The Food Network's Bobby Flay has a recipe for smoked chile scalloped sweet potatoes made with sweet potatoes, heavy cream, chipotle pepper puree, salt and pepper. To begin, preheat the oven to 375 degrees Fahrenheit.
Whip together 2 cups of heavy cream and 1 heaping teaspoon of chipotle pepper puree in a mixing bowl. Peel and thinly slice 3 medium sweet potatoes. Arrange the sweet potato slices into even layers in a 9-by-9-inch casserole dish. Drizzle this layer with 3 tablespoons of the cream mixture, and season with salt and pepper. Add another even layer of sweet potato slices. Continue this pattern, making 10 layers of potatoes. Cover and bake for 30 minutes, remove the cover, and continue baking for an additional 45 minutes to 1 hour. The cream should be thoroughly absorbed and the tops of the sweet potatoes should be browned.

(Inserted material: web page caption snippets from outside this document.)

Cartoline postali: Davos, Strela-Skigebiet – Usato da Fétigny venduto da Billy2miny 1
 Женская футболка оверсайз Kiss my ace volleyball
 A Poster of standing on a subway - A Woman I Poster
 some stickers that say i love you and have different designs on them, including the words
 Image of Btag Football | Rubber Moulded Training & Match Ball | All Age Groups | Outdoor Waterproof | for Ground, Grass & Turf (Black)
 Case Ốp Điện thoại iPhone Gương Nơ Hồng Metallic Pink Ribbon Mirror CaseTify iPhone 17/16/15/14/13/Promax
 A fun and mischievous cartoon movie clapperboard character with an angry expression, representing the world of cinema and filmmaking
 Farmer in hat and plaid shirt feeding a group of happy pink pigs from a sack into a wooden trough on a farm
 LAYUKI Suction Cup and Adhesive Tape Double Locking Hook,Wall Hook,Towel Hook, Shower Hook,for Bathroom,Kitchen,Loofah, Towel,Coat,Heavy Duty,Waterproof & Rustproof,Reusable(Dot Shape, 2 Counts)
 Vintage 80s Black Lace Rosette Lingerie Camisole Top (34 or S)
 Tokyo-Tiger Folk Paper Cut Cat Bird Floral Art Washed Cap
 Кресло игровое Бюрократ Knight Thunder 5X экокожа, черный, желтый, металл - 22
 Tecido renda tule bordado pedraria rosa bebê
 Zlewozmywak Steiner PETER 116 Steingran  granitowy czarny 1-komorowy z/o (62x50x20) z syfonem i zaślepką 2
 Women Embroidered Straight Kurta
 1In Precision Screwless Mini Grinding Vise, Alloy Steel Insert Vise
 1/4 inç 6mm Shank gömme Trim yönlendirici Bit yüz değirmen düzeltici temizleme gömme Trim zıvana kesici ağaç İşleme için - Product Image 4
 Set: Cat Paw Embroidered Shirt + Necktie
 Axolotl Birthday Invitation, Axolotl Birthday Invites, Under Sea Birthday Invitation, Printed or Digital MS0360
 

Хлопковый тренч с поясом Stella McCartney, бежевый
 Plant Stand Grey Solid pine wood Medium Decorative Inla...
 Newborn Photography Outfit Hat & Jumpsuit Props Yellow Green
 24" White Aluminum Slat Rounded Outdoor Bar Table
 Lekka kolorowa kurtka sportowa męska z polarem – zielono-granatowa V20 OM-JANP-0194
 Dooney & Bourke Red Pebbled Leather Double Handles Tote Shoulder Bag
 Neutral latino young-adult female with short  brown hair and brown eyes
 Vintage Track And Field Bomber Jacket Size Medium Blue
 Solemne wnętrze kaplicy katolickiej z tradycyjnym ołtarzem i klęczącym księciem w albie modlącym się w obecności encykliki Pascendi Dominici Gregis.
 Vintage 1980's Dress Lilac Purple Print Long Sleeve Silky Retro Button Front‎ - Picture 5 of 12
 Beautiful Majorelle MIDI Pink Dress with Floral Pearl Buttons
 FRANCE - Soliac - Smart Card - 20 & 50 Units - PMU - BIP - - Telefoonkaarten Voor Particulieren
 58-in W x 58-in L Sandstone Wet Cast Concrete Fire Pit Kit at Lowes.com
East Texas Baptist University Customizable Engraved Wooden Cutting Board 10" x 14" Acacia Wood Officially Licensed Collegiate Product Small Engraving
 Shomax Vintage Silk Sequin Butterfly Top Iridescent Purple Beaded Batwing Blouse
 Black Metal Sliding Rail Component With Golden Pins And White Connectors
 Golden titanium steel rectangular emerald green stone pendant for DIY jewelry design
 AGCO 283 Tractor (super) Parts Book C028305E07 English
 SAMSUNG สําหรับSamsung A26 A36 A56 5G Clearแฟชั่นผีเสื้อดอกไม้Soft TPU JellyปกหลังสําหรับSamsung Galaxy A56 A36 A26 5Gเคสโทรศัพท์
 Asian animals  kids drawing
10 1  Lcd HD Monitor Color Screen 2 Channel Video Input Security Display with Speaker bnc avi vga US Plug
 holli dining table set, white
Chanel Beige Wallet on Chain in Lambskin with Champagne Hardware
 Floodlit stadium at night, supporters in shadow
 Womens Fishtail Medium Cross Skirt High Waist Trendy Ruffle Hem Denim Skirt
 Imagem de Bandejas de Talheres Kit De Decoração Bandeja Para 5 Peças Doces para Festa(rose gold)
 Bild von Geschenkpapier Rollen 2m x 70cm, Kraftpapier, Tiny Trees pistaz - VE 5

Alternatively, make scalloped sweet potato stacks by layering thinly sliced potatoes into a muffin tin. Sprinkle 1 1/2 teaspoon of fresh thyme and 1/2 cup of mozzarella cheese over each potato stack. Mix 2/3 cup of heavy cream, 1 garlic clove, salt and pepper together and heat in the microwave for one minute. Pour cream mixture into the muffin cups adding about 1 tablespoon to each cup. Cover and bake at 375 degrees Fahrenheit for 30 minutes. Uncover and sprinkle the top of each muffin cup with the remaining 1/2 cup of mozzarella cheese. Bake for an additional five minutes. Transfer the potato stacks to a serving tray, and garnish with fresh thyme.